## What is being asked:
Omit every picture. Return all other data as it stands.

## Data shown:

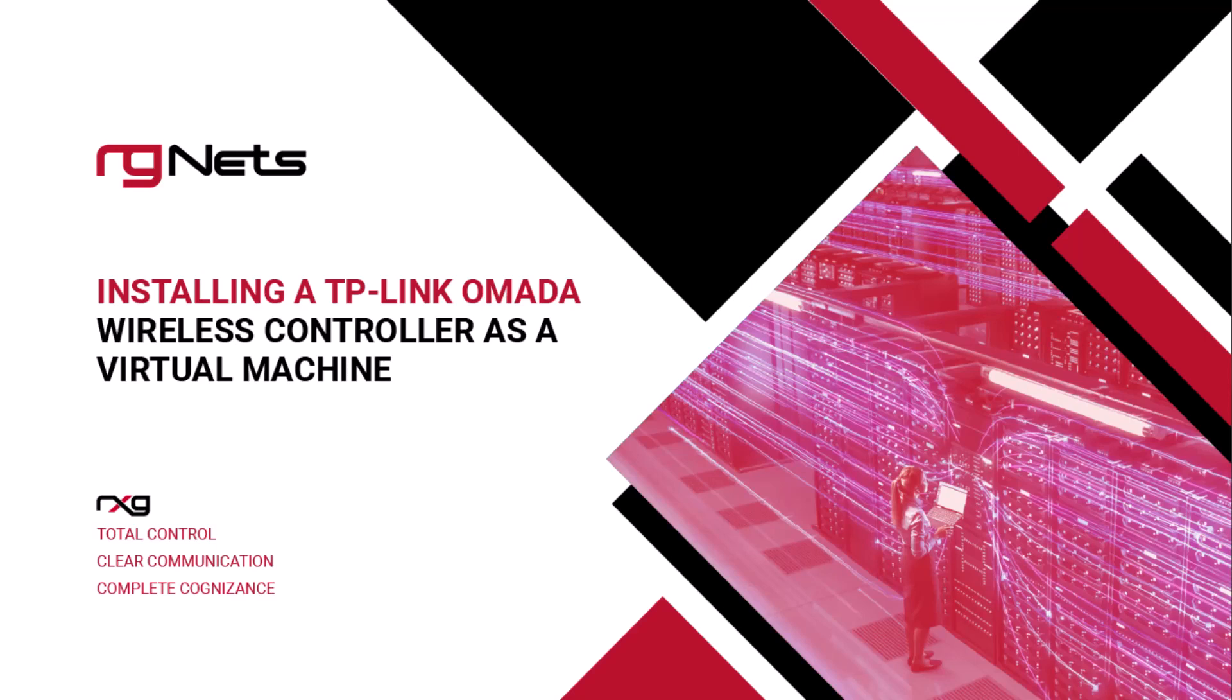Today we are going to be installing the TP-Link Omada wireless controller on an RGNets RXG as a virtual machine.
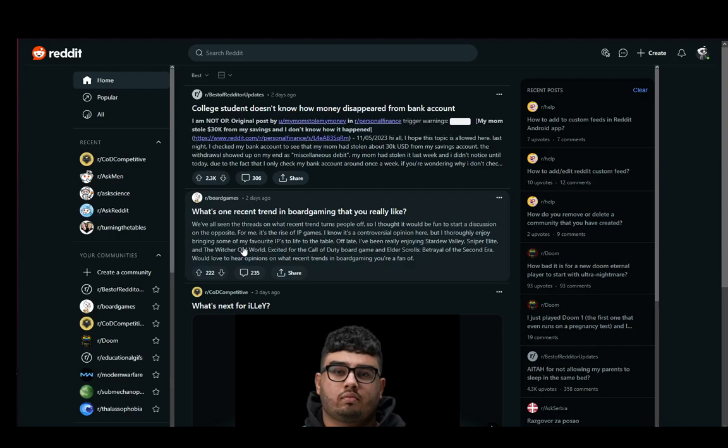Hey everybody, what is going on? I hope you guys are all doing well and welcome to another tutorial video. In this video I'll be explaining to you guys how you can create a custom feed in Reddit, so let's get right into it.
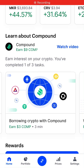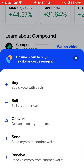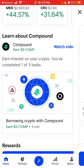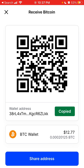Here is the Coinbase app. So how to receive crypto in Coinbase? Super easy. Just tap on this blue icon and tap on receive. Then you will see your Bitcoin address, wallet address.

## Exercise response:
Today we are going to be installing the TP-Link Omada wireless controller on an RGNets RXG as a virtual machine.
Hey everybody, what is going on? I hope you guys are all doing well and welcome to another tutorial video. In this video I'll be explaining to you guys how you can create a custom feed in Reddit, so let's get right into it.
Here is the Coinbase app. So how to receive crypto in Coinbase? Super easy. Just tap on this blue icon and tap on receive. Then you will see your Bitcoin address, wallet address.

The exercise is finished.